Among her things was a hunting knife in a leather sheath. I guessed her ex-boyfriend had given it to her. What do I know or care about knives?
One man who showed up to the yard sale was my dad’s mechanic and the husband of my step-mom’s friend. This man liked to lean in too close to any woman and he didn’t bath every day. Nor did he wear anything under his shorts. He liked to make excuses to visit my step-mother when my dad wasn’t home. She never let him in the house, and one day she suspected him of slashing her tire because she’d turned him away.
He bought the knife.
The night after my yard sale he called me. “Yes?” I said, making a point of saying neither hello nor how are you.
“That knife you sold me,” he said.
“Well, I went and took it down to…”
I stopped listening. I wondered what I could say that my dad, if he overheard, wouldn’t think rude. Then I heard the man say, “$200.”
“What?” I asked.
“I sold it,” he said, “for $200. and made myself some money. What do you think of that?”
I thought he was an ass and I was an idiot. “That’s great,” I said. He began to talk again.
“I’ve really got to go,” I said, and hung up.
I’m still not good at putting prices on things. several people have told me how to figure out prices, and what they say makes perfect sense. Think about materials and labor and the marketplace.
The formula isn’t hard.
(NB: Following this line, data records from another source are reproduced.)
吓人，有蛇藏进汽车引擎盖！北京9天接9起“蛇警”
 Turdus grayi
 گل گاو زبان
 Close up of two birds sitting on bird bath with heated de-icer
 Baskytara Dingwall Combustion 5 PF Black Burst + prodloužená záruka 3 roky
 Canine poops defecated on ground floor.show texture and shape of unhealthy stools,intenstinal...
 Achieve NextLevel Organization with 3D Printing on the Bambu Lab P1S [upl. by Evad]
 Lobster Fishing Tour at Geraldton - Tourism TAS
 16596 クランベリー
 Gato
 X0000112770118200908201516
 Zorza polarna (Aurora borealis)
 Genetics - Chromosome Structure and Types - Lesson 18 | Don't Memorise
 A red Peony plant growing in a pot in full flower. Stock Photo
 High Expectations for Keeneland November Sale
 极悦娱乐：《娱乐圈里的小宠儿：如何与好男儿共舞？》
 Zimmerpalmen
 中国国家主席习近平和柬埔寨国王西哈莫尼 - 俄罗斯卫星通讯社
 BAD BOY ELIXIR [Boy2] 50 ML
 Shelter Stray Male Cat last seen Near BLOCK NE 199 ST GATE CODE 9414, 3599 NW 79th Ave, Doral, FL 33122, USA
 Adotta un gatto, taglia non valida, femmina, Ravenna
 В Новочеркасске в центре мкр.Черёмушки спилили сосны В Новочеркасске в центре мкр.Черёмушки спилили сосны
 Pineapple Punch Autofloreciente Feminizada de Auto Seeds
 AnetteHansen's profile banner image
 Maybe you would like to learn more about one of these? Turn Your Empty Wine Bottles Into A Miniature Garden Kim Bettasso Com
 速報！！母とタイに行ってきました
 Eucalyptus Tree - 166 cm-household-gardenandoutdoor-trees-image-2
Feeling I have a right to use the formula is another matter all together. I’m going to sell my art work at an art festival in April and I’m going to have to have prices. I’m going to have to sit there as if I expect it reasonable for someone to give me money for my art.
Why is dealing with money hard?
How do you deal with money and your art? How do you feel asking a price? If it doesn’t bother you, why not?